Two of them came at him together. Bolan recognized the leader as the one who got away, and saw that he was none too thrilled about returning to the fight. His leading adversary clutched an AK in a white-knuckled death grip. The second in line was almost duck-walking, crouched to present the smallest possible target.
Bolan gave the first one two rounds through the chest, punching him back into his waddling companion. Both fell together, the live one struggling to extricate himself from the other’s deadweight. Bolan waited until he’d almost reached his feet again, raising his gun, then shot him in the neck, with one more through the face to make it stick.
And now, a cautious rush to find the one who gave the orders, wondering if he would stand and fight or cut and run. Would pride outweigh the man’s survival instincts when it counted?
Bolan heard the sound of heavy footsteps crunching toward him, froze in place and had his shot lined up before the husky target stepped into his line of fire. The face and accent of his speech made him American, though Bolan couldn’t place where he’d been born and raised.
No matter. He was dying here.
A 3-round burst surprised the mercenary, dropped him on his backside in the dust with an amazed expression on his face. He clearly hadn’t planned to die that afternoon, but now he had no choice.
It took a moment for the dead man to collapse backward, and by the time he’d managed it, Bolan could hear an engine revving on the far side of the garbage mountain. Snatching up the merc’s AKSU, he ran around the pile and was in time to see the Prius barrel across the waste ground, toward the street.
Bolan fired after it, peppered the trunk and took out half of the rear window, but the car kept going. He had missed the driver, and a sharp left turn at the next intersection put his target out of range.
“I missed him, too,” Falk said, approaching with her Glock in hand.
“And I,” Barialy added, sounding glum.
“It was his lucky day,” Bolan replied. “And ours, too.”
“He’ll report back to the man,” Falk said.
“No doubt,” Bolan replied. “While he’s running, we can ditch the Ford, pick up another ride. And then, we need to talk.”
CHAPTER THREE
Chesapeake Bay, Two Days Earlier
Standing on the dock at Tilghman, Maryland, Mack Bolan felt as if he had gone back in time, not merely to some past familiar day but to a bygone century. The ticket in his hand entitled him to one two-hour cruise aboard the skipjack Rebecca T. Ruark, departing at 11:00 a.m. and returning at 1:00 p.m.
It might as well have been a time machine.
When Hal Brognola had proposed the cruise, suggesting that a sail would grant them maximum security, Bolan had not known what a skipjack was.
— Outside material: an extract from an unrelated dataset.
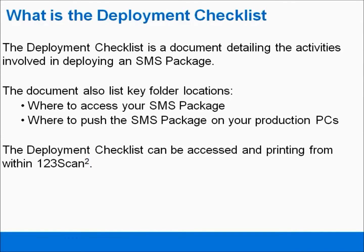This Scanner Management Service training tutorial will cover how to deploy an SMS package using the Deployment Checklist. First, what is the Deployment Checklist? The Deployment Checklist is a document detailing the activities involved in deploying an SMS package.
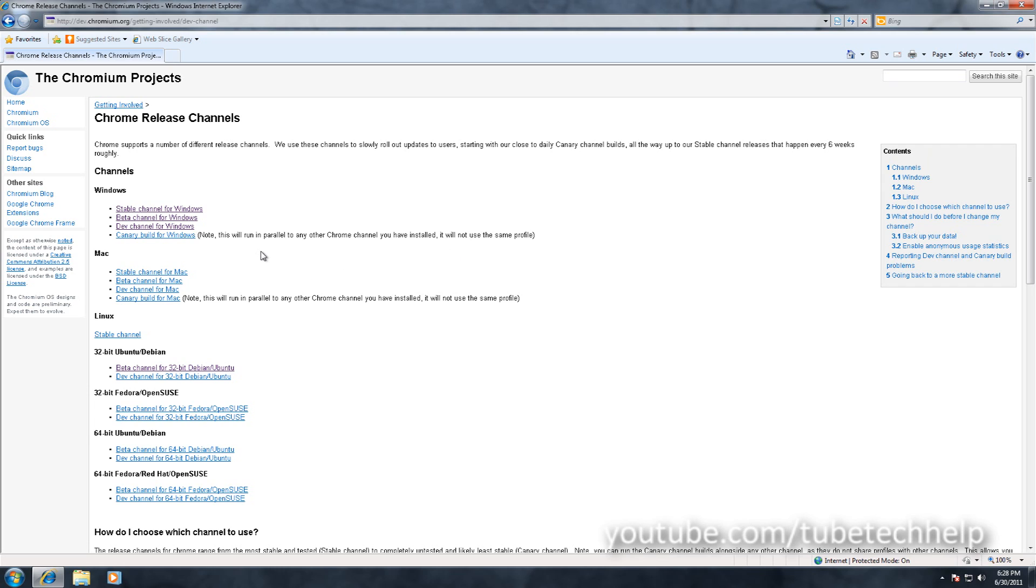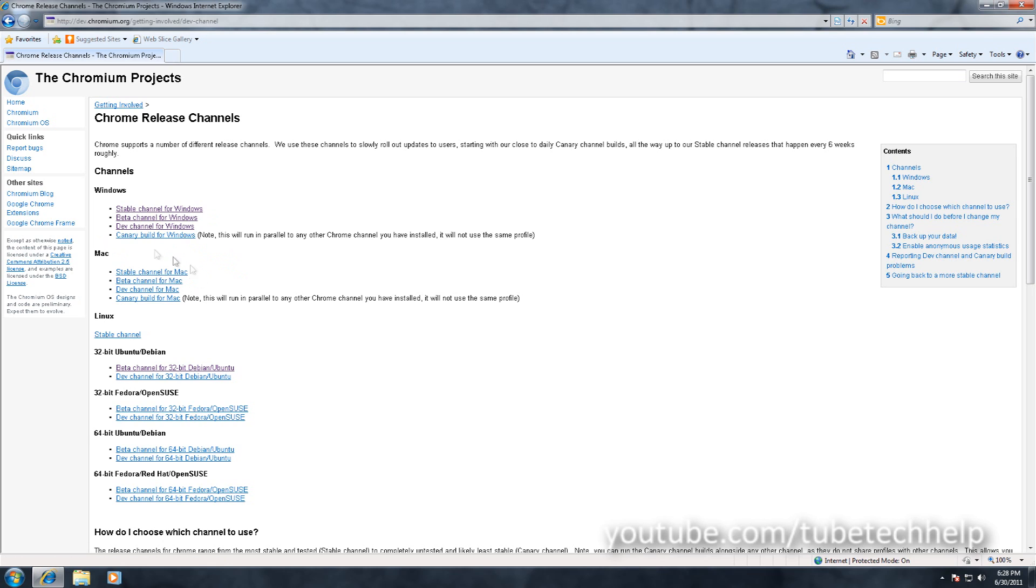You've got the Beta which is updated a bit more than the stable and has a few more features, however it's not updated as much as Dev. If you want a more stable browser you might want to use Beta though.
He’d looked it up online, discovering that it was a type of nineteenth-century sailboat, developed by fishermen on Chesapeake Bay for oyster dredging. Despite modern advances in technology, the boats remained in service because Maryland state law banned use of powerboats for oyster fishing.
The Rebecca T. Ruark, built in 1886, was a classic skipjack, with its V-shaped wooden hull, low-slung freeboard and square stern. A dredge windlass and its small motor—the only mechanical engine aboard—were mounted amidships, but conversion of the ship to tourist cruises had given the Chesapeake’s oysters a long, welcome respite.
Bolan boarded with a dozen other passengers and made a brief walking tour of the ship—all fifty-three feet of it—trying to forget that a freak storm had sunk it in 1999, trusting that its owners had refurbished the vessel and kept it seaworthy since then.
If not, he reckoned he could swim to shore from any point where they went down, but Bolan had his doubts about Brognola.